*** Opening of Information provided ***

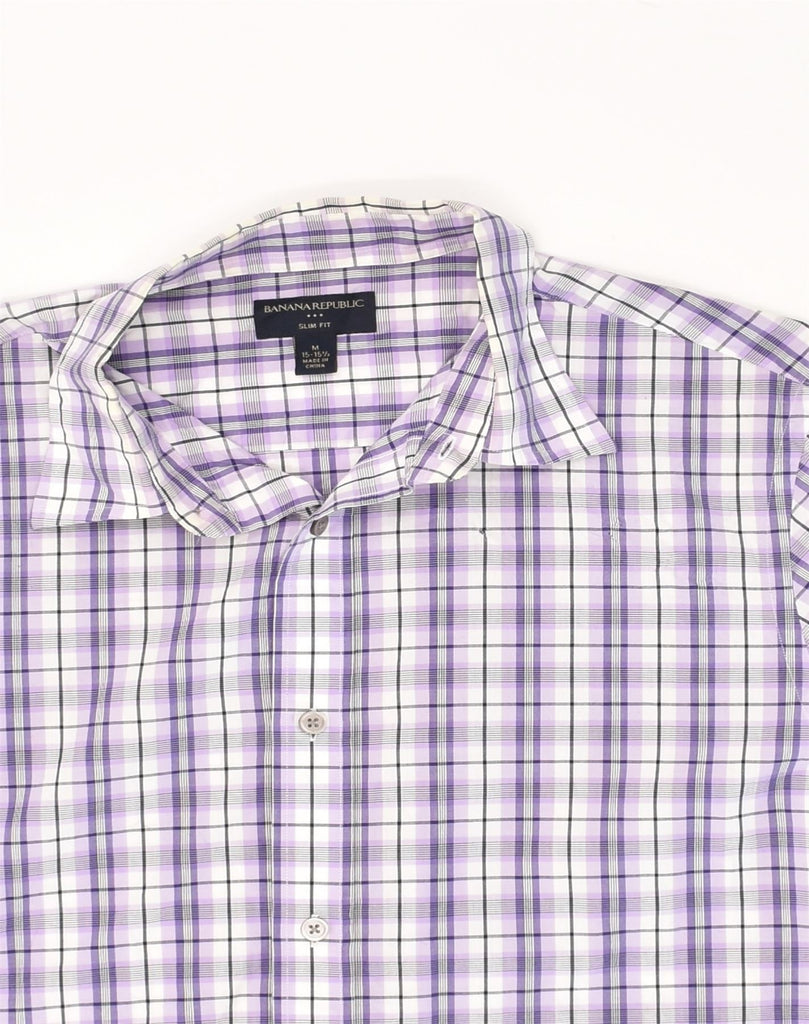 BANANA REPUBLIC Mens Slim Fit Shirt Size 15 15 1/2 Medium Purple Check | Vintage Banana Republic | Thrift | Second-Hand Banana Republic | Used Clothing | Messina Hembry 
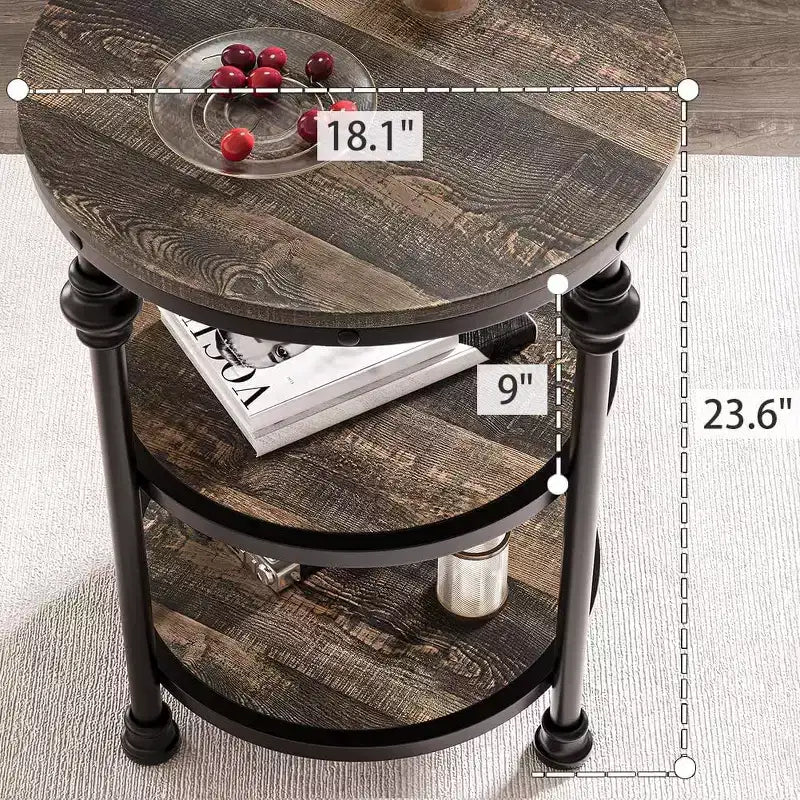 Acekool Table d'appoint ronde à 3 niveaux avec cadre en métal, table de chevet rustique pour salon et chambre à coucher, design industriel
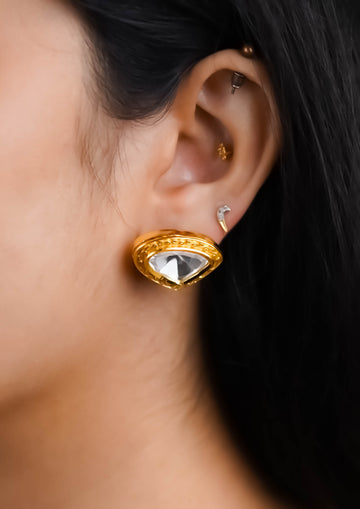 Prerna Malika Polki Gold Finish Studd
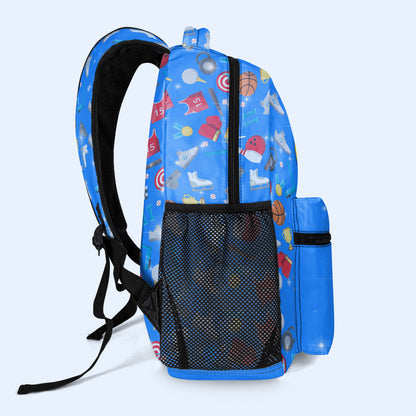 The Sporty Kid - Personalized Custom Backpack - QCUS035_CB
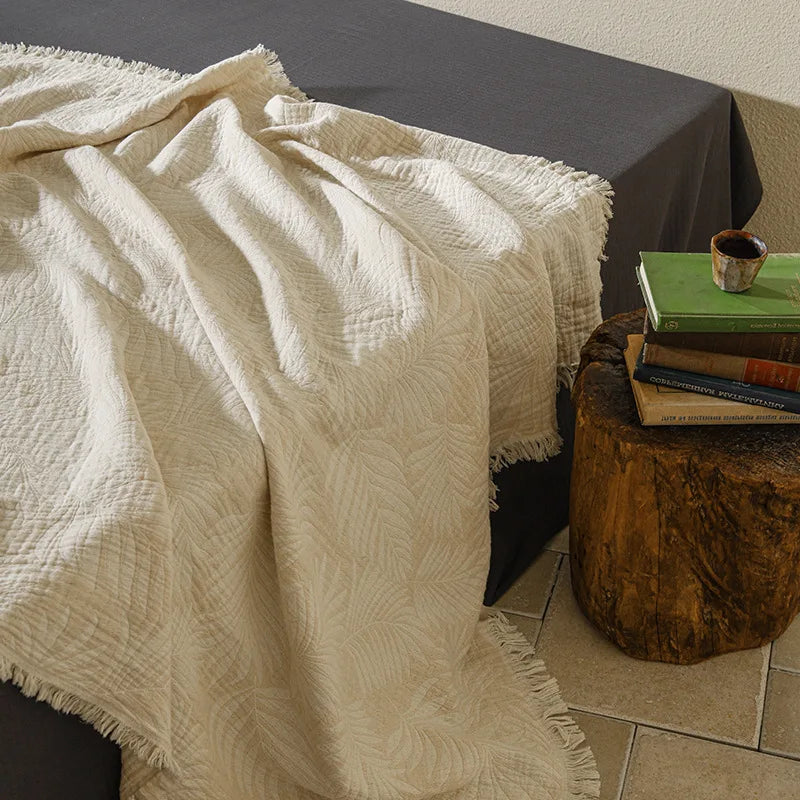 Muslin Cotton Throw Blanket with Tassels Lightweight Fabric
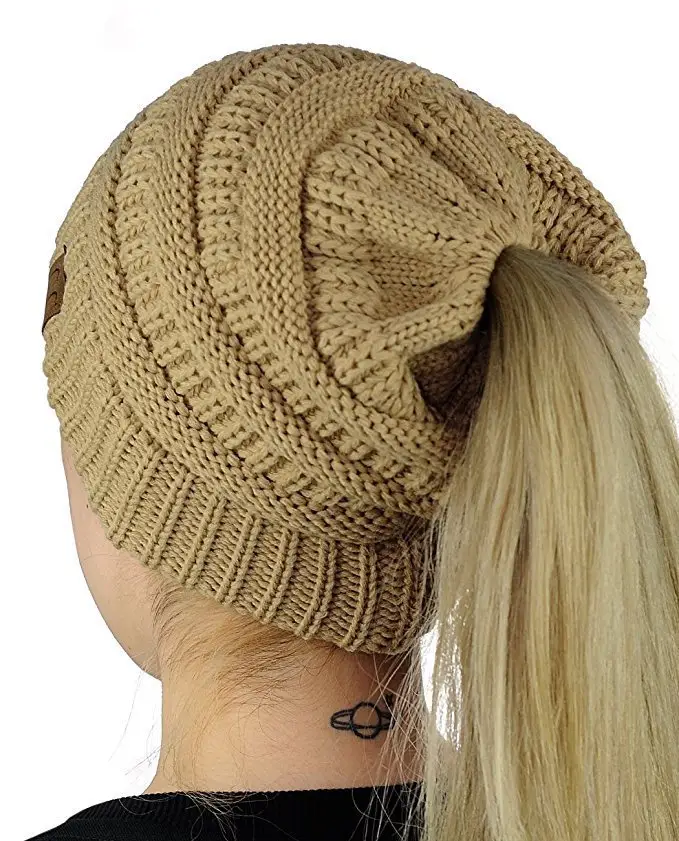 가을 겨울 따뜻한 새로운 두꺼운 니트 아크릴 말꼬리 여성용 비니 모자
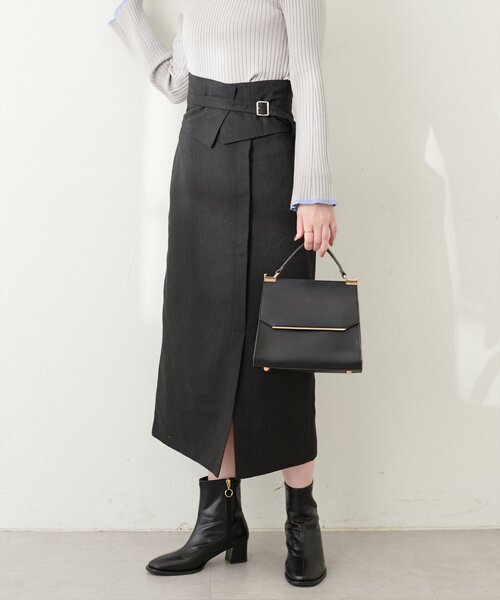 natural couture（ナチュラルクチュール）の「コルセットベルト付きナロースカート（スカート・レディース・ピンク系その他/ブラック/その他1/ボルドー・FREE）」の2枚目の写真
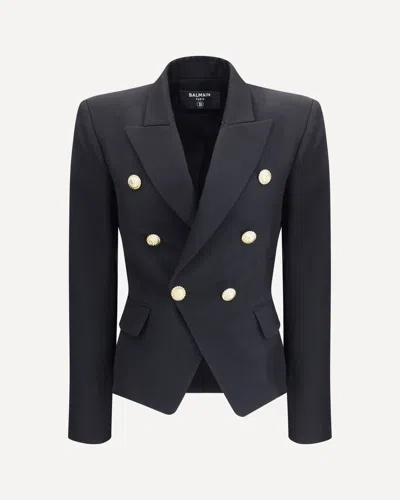Balmain Wool Blazer With Flap Pockets And Gold-tone Buttons In Black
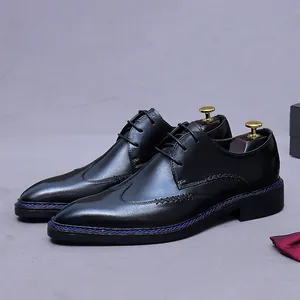 Scarpe Derby Da Uomo Vera Pelle Business Formale Brogue Matrimonio Festa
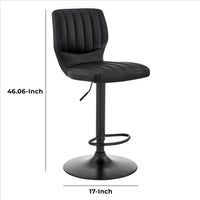 21 Inch Metal and Leatherette Swivel Bar Stool, Black - BM240739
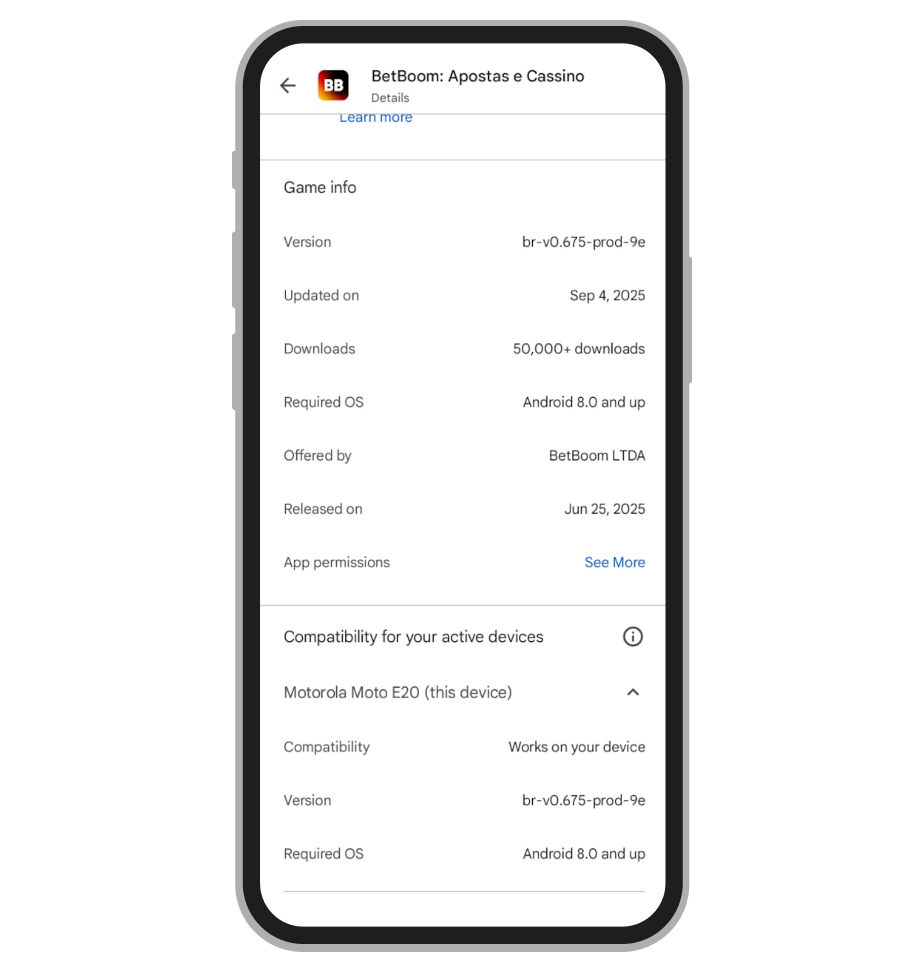 Requisitos do BetBoom app na Google Play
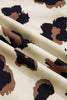 Khaki Plus Size Leopard Print Frilled Color Block Trim Button Down Short Sleeve Blouse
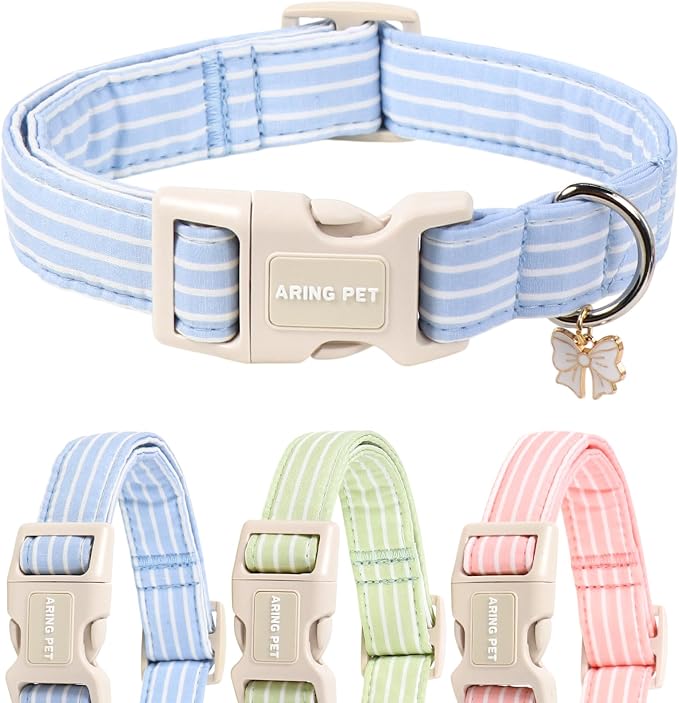 ARING PET Stripe Dog Collar, Cute Spring Summer Blue Stripe Pet Collars with Bow Charm for Puppy Small Medium Large Boy Girl Dogs-M, for Daily Outdoor Walking Training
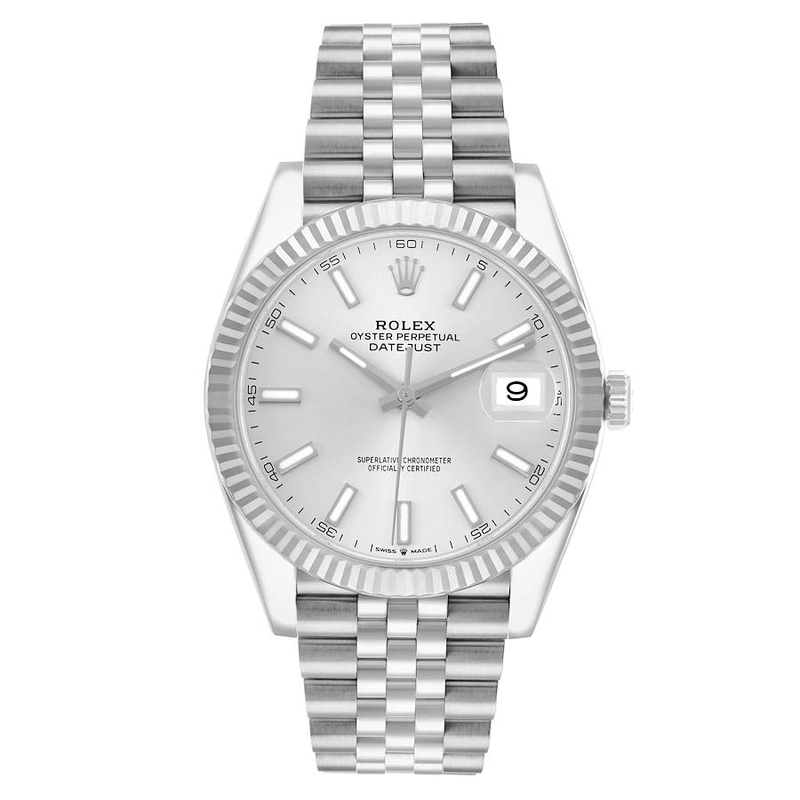 Rolex Datejust Silver Index Dial on D Link Jubilee Bracelet Ref. 126334 Card 2017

*** Close of Information provided ***

**Exercise objective**
Leaving out all pictures, transcribe the listing exactly.

**Output of the exercise**
 BANANA REPUBLIC Mens Slim Fit Shirt Size 15 15 1/2 Medium Purple Check | Vintage Banana Republic | Thrift | Second-Hand Banana Republic | Used Clothing | Messina Hembry 
 Acekool Table d'appoint ronde à 3 niveaux avec cadre en métal, table de chevet rustique pour salon et chambre à coucher, design industriel
 Prerna Malika Polki Gold Finish Studd
 The Sporty Kid - Personalized Custom Backpack - QCUS035_CB
 Muslin Cotton Throw Blanket with Tassels Lightweight Fabric
 가을 겨울 따뜻한 새로운 두꺼운 니트 아크릴 말꼬리 여성용 비니 모자
 natural couture（ナチュラルクチュール）の「コルセットベルト付きナロースカート（スカート・レディース・ピンク系その他/ブラック/その他1/ボルドー・FREE）」の2枚目の写真
Balmain Wool Blazer With Flap Pockets And Gold-tone Buttons In Black
 Scarpe Derby Da Uomo Vera Pelle Business Formale Brogue Matrimonio Festa
 21 Inch Metal and Leatherette Swivel Bar Stool, Black - BM240739
 Requisitos do BetBoom app na Google Play
 Khaki Plus Size Leopard Print Frilled Color Block Trim Button Down Short Sleeve Blouse
 ARING PET Stripe Dog Collar, Cute Spring Summer Blue Stripe Pet Collars with Bow Charm for Puppy Small Medium Large Boy Girl Dogs-M, for Daily Outdoor Walking Training
 Rolex Datejust Silver Index Dial on D Link Jubilee Bracelet Ref. 126334 Card 2017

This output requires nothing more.